**TASK DIRECTIONS**:
Write out the material below again, line for line, without any images.

**DATA PROVIDED**:
►
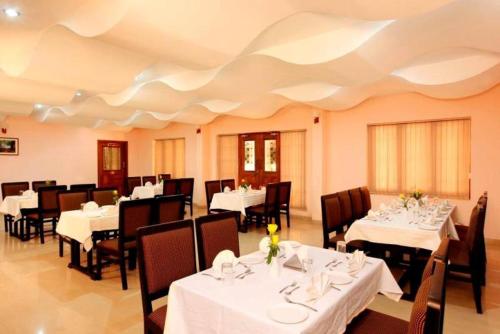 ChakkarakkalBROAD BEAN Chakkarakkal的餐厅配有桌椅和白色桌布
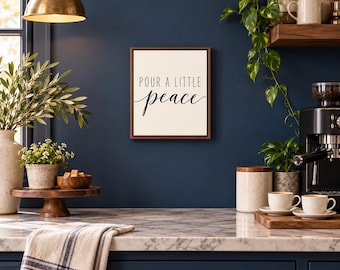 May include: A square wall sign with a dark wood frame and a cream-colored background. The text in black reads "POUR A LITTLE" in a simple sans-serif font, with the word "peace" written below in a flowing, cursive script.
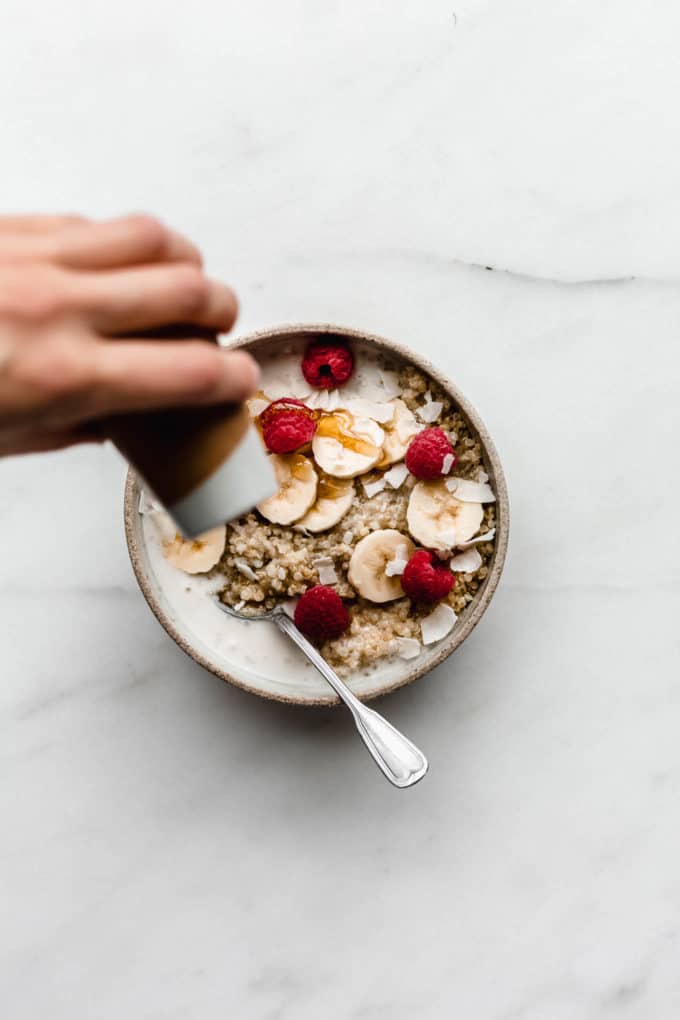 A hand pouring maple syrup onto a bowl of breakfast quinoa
◄
**SOLVED PROBLEM**:
 ChakkarakkalBROAD BEAN Chakkarakkal的餐厅配有桌椅和白色桌布
 May include: A square wall sign with a dark wood frame and a cream-colored background. The text in black reads "POUR A LITTLE" in a simple sans-serif font, with the word "peace" written below in a flowing, cursive script.
 A hand pouring maple syrup onto a bowl of breakfast quinoa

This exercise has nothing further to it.